One Man Band, also known as London and Swinging London, is an unfinished short film made by Orson Welles between 1968 and 1971. The film started life as a part of a 90-minute TV special for CBS, entitled Orson's Bag, consisting of Welles' 40-minute condensation of The Merchant of Venice, and assorted sketches around Europe. This was abandoned in 1969 when CBS withdrew its funding over Welles' long-running disputes with US authorities regarding his tax status, and Welles continued to fashion the footage in his own style.

The film features contributions from British comedians Tim Brooke-Taylor, Graeme Garden, and Bill Oddie, before the trio became known as The Goodies.

==Segments==
The film consists of five segments, all of them comic: Churchill, Swinging London, Four Clubmen, Stately Homes and Tailors.

===1. Churchill===
The first segment is filmed entirely in silhouette. Welles plays Winston Churchill fielding press questions and then exchanging bons mots with Nancy Astor (Oja Kodar). Each line spoken by Churchill is a well-known witticism commonly attributed to him. Graeme Garden provides narration.

===2. Swinging London===
The longest segment of the film (9 mins) has a bowler-hatted reporter (Tim Brooke-Taylor) wandering through "Swinging London", searching for Carnaby Street with limited success. Most of the supporting roles are played by Welles in a variety of disguises: a British policeman, an old lady selling "dirty postcards", a Chinaman luring customers into a strip club, and the omnipresent one-man band. The song "One Man Band" was written by Bill Oddie (who had joined Brooke-Taylor and Garden for the second season of the TV sketch series Broaden Your Mind). Garden appears briefly as a rude workman and as a Morris dancer. This segment is noteworthy for what reviewers have called its "Pythonesque" style - which is significant as it was filmed before Monty Python's Flying Circus first aired in October 1969.

===3. Four Clubmen===
Apart from Welles' introduction, the soundtrack has been lost for this segment, though the script still exists. It is set in a London club in which Welles plays four different members, all under heavy make-up, plus a noisy waiter who drops things.

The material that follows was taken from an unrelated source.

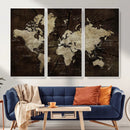 Blue World Map Canvas Wall Art – Framed Modern Travel Map by MyGreatCanvas | Canvas Wall Art Prints | Photo Prints & Wall Decor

===4. Stately Homes, a.k.a. Lord Plumfield versus Welles===
This segment features Welles as a journalist wandering around the stately home of Lord Plumfield. Welles also plays the eccentric, penniless Plumfield; Tim Brooke-Taylor has a cameo as Plumfield's moronic son; and Graeme Garden plays Plumfield's feeble butler, Blemish, who does chicken impressions. (Plumfield says, "I'd give him the sack except we need the eggs.") Garden also provides some narration.

===5. Tailors===
Welles plays a shy American tourist being measured by two rude English tailors (Charles Gray and Jonathan Lynn) who are dismissive of his ignorance of tailoring, and keep mocking his weight.

==Production==
In 1969, Orson Welles was in London and got in touch with writer/performers Tim Brooke-Taylor and Graeme Garden. Brooke-Taylor recalled,

Graeme Garden and I made two series of a sketch show called Broaden Your Mind in 1968 and '69. We were watching the first programme of the second series in Graeme's flat. As it ended Graeme's phone rang. He answered it, said a few words, put the phone down and said: "That was Orson Welles." I remember saying "What a coincidence, I was expecting a call from the Pope." It was Orson. He'd seen some of the first series and got our phone numbers. We saw him the next day and agreed to write and shoot some stuff with him.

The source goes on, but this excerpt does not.